The circumstances warranting an order for deposit of money into the court are set out under Code of Civil Procedure section 572. The section itself provides:
“When it is admitted by the pleadings, or shown upon the examination of a party to the action, that he or she has in his or her possession, or under his or her control, any money or other thing capable of delivery, which, being the subject of litigation, is held by him or her as trustee for another party, or which belongs or which is due to another party or which should, under the circumstances of the case be held by the court pending final disposition of the action, the court may order the same, upon motion, to be deposited in court or delivered to such party, upon those conditions that may be just, subject to the further direction of the court.”
Code of Civil Procedure section 572 is a unique statute in that it is a “provisional remedy.” Legally speaking, this means it is a temporary solution. It is a route available to the court to preserve the status quo of the parties until the court renders a final judgment.
Put another way, “a provisional remedy is one designed to preserve assets pending resolution of litigation.” (In re Marriage of Fithian (1977) 74 Cal.App.3d 397, 401.) This context is important when reviewing the text of the statute. Section 572 is not some cure-all where one party can force another to turn over their assets on any given occasion. Instead, the statute operates only to preserve things until the court renders a final verdict.
When is money “the subject of litigation” under section 572?
Reviewing the statute itself, one may notice that there are a couple key limitations that prevent its operation in most cases. The first is that the money or thing to be deposited with the court must be “the subject of litigation.” But what does that really mean?
Almost always, money is connected to a lawsuit. If a plaintiff sues a defendant for breach of a sales contract, for example, then the plaintiff will likely want to recover the amount paid under the contract. However, this may not mean that the money is the “subject” of the lawsuit. Rather, it is likely the contract itself that is the focus, while the recovery is incidental.

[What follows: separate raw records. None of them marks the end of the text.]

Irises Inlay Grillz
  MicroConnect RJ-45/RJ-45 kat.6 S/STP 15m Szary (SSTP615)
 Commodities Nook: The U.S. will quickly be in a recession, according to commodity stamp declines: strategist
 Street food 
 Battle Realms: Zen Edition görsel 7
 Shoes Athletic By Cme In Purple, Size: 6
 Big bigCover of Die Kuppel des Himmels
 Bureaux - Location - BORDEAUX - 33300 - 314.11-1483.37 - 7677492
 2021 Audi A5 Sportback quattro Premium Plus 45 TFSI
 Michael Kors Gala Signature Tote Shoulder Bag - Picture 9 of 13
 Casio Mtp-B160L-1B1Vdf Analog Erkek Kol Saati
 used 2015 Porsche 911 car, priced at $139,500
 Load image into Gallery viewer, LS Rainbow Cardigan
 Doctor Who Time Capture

An old Supreme Court case from 1905 gives the best overview of how this restriction works. If the money is not the subject of litigation, “but its payment is an incident thereto, dependent upon the judgment to be rendered…” then section 572 does not apply. (Green v. Duvergey (1905) 146 Cal. 379, 386.)
The Court went on to give examples, such as actions for specific performance, accounting, and rescission. All of these lawsuits may involve recovery of money from the other side, but that doesn’t mean section 572 is an available “provisional remedy.”
What is the other restriction on utilizing section 572?
As noted above, there are actually two key limitations in place before a plaintiff or defendant may invoke this statute. It is not enough that the money be the subject of the litigation. Instead, there must also be an admission or proof that the money belongs to someone else (presumably the other party).
Put simply, an “essential” part of the statute is “that the party from whom the payment is asked has no right or title to hold the money, and that it belongs to or is due to another.” (In re Elias (1962) 209 Cal.App.2d 262, 274.) So, for example, if the plaintiff’s case is that the defendant is only a 50% owner of a family heirloom, and thus can’t exclusively keep it, section 572 is likely unavailable. The defendant is a part owner, so he has some right or title to the heirloom.
Another important aspect is that the money or item cannot be deposited without proof. The statute itself requires either an admission or examination of the subject party.
Return to the heirloom example above. Suppose the defendant really is wrongfully holding it. He has zero ownership in the heirloom. But when he files his answer, he denies this fact.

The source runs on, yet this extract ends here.